We sailed a few hours from Hao straight to the pass in Amanu. With its bold white church, lush foliage, and narrow entrance, it is one of the prettiest passes we have ever seen. We arrived with a mild outgoing current, conditions were calm, and we motored in without a problem (Oddly, our Cmap charts were incorrect which is unusual here in French Polynesia’s reef passes, as the French have generally done a good job surveying the entrances to atolls; even though the vast majority remains “unsurveyed”).
Around 300 people live in Amanu. There is no airplane landing strip, which makes it only one of a few atolls with a navigable pass and no airplane access.

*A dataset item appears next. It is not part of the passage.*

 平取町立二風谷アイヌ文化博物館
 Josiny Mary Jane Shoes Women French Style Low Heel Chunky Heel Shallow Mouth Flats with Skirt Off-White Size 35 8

How gorgeous is this?? Aldebaran at the anchorage just south of town. It has good!protection from the East to North to West. We dropped the hook inside what we called the “natural breakwater” anchorage. The breakwater surrounding the boat looks like dry reef, but it is actually 1-2 feet deep, so there is more swell action that you’d expect by seeing this photo. Note the white sailboat in the distance, in the next “inside lobe”, further left as you’re looking at the picture. That’s what the next picture is focusing on.

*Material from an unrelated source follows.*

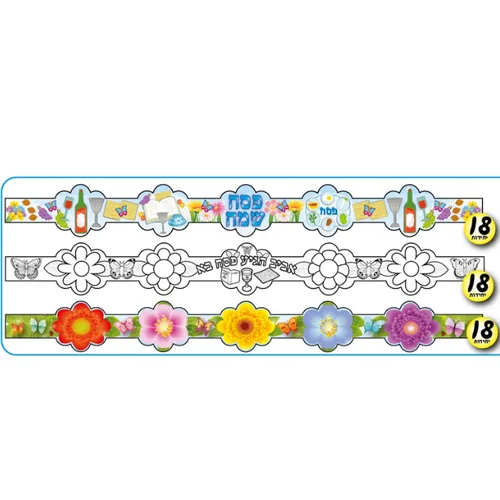 כתרים לפסח-(18 יחידות)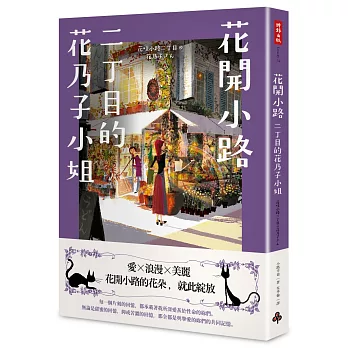 花開小路二丁目的花乃子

The “inside lobe” with a sailboat anchored inside. Fantastic spot! They had bow and stern anchors to prevent from swinging into the shallow coral reef. This inside lobe has better protection from the wind and swell, especially from the SE, which the outside “natural breakwater” did not offer.
A satellite image of the Amanu pass (top of image), the village (middle of image), and the anchorage (the reef structures in the bottom of image). Since navigation charts are incomplete, we often use satellite images to plan our entry into these atolls. This is from Open CPN software, so I can access it offline.
Squall approaching the anchorage. Although our natural breakwater anchorage was rougher than the inside lobe, we like it because its a shorter dinghy ride to the pass/village (a wet ride at that!). Also, there is outstanding snorkeling in the area just outside the natural breakwater.
Captain K trying to camouflage with the fish.
Needle fish blending into the surface of the water.
The beach motus are idyllic spots. It was nice sand so we did some jogging (and napping) here!
Rainbows are a-plenty in French Polynesia, and we never tire of them… Amanu did not disappoint!